Modifying the Bluetooth stack to improve the sound on headphones without AAC, aptX and LDAC codecs

Before reading this article, it is recommended that you read the previous article: Audio via Bluetooth: as much detail as possible about profiles, codecs and devices

Some users of wireless headphones report poor sound quality and lack of high frequencies when using the standard Bluetooth SBC codec, which is supported by all audio devices. A common recommendation to improve sound is to buy devices and headphones that support aptX and LDAC codecs. These codecs require royalties, so devices that support them are more expensive.

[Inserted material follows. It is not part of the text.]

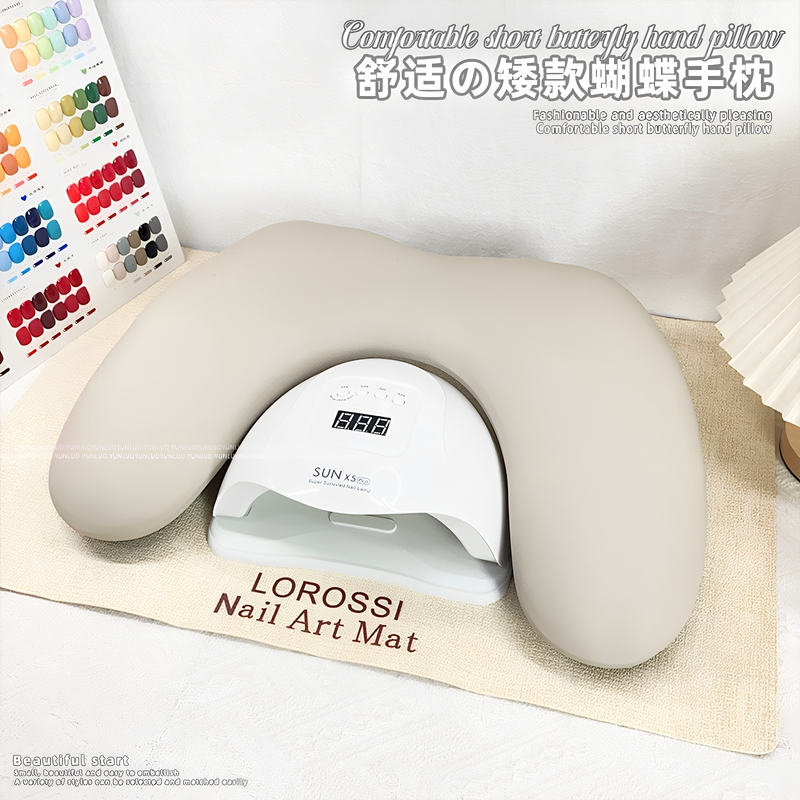 Russian-Style Manicure Hand Pillow, Inclined U-Shaped, Foldable, Height-Adjustable Butterfly Hand Pillow Set, Hand Cushion to Relieve Fatigue, Hand Rest Russian-Style Manicure Hand Pillow, Inclined U-Shaped, Foldable, Height-Adjustable Butterfly Hand Pillow Set, Hand Cushion to Relieve Fatigue, Hand Rest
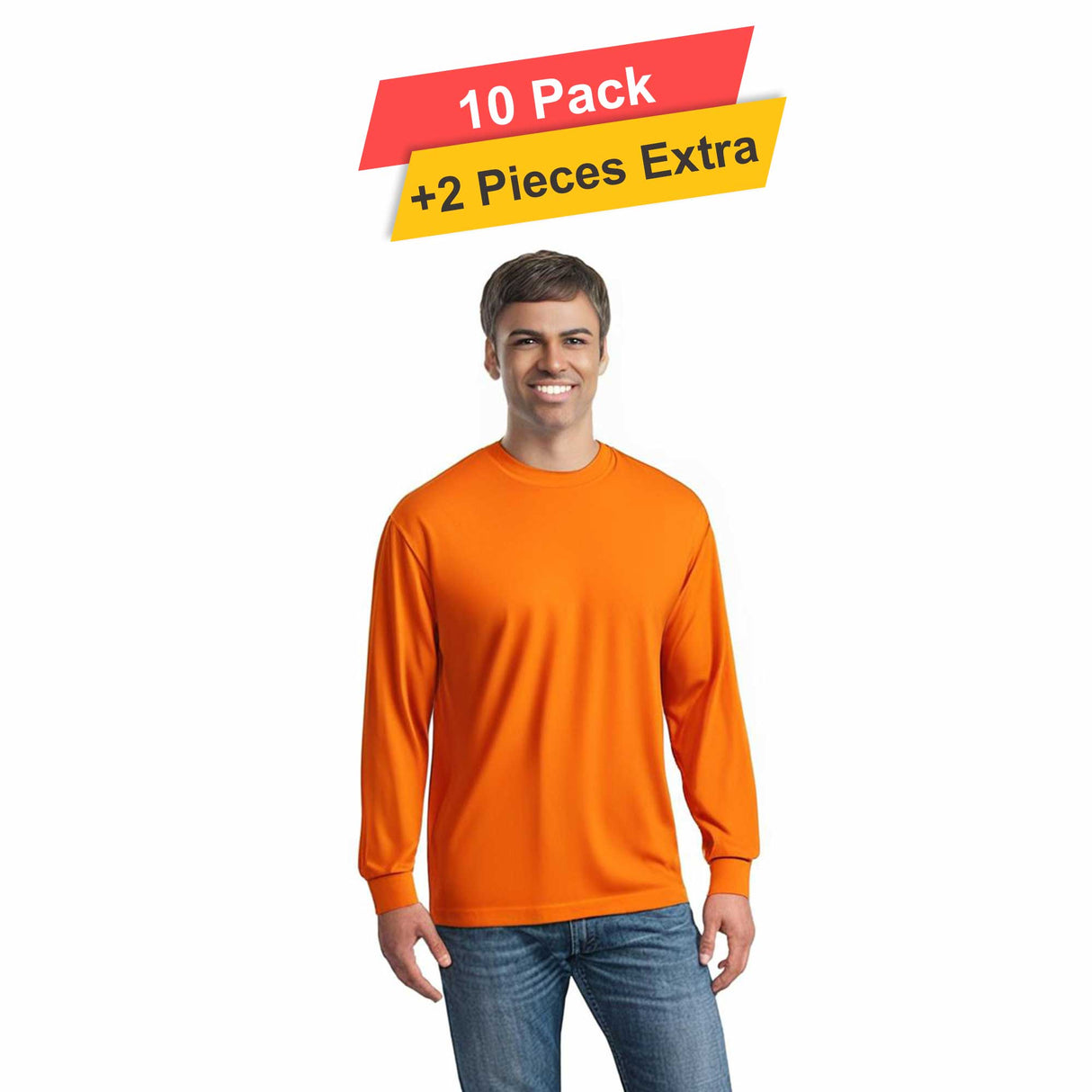 Polymesh Crew Neck - 10 Pack - 5 Oz./yd²  - 100% Polyester (Cotton Feel)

It turns out that the low quality of the SBC is due to artificial limitations of Bluetooth stacks and headphone settings, and this limitation can be circumvented on any existing devices by software changes to the smartphone or computer.

SBC Codec

The SBC codec has many different parameters that are negotiated during the connection setup phase. Among them:

  • Number and type of channels: Joint Stereo, Stereo, Dual Channel, Mono;
  • Number of frequency bands: 4 or 8;
  • Number of blocks in a package: 4, 8, 12, 16;
  • Quantization bit allocation algorithm: Loudness, SNR;
  • The maximum and minimum value of the pool of bits used in quantization (bitpool): usually, from 2 to 53.

The decoder must support any combination of these parameters. The encoder may not implement everything.
Existing Bluetooth stacks typically agree on the following profile: Joint Stereo, 8 bands, 16 blocks, Loudness, bitpool 2..53. This profile encodes 44.1 kHz audio at a bit rate of 328 kbps.
The bitpool parameter directly affects the bitrate within one profile: the higher it is, the higher the bitrate, and hence the quality.
However, the bitpool setting is not tied to a specific profile; other parameters also significantly affect the bitrate: the type of channels, the number of frequency bands, the number of blocks. You can raise the bitrate indirectly, by negotiating non-standard profiles, without changing the bitpool.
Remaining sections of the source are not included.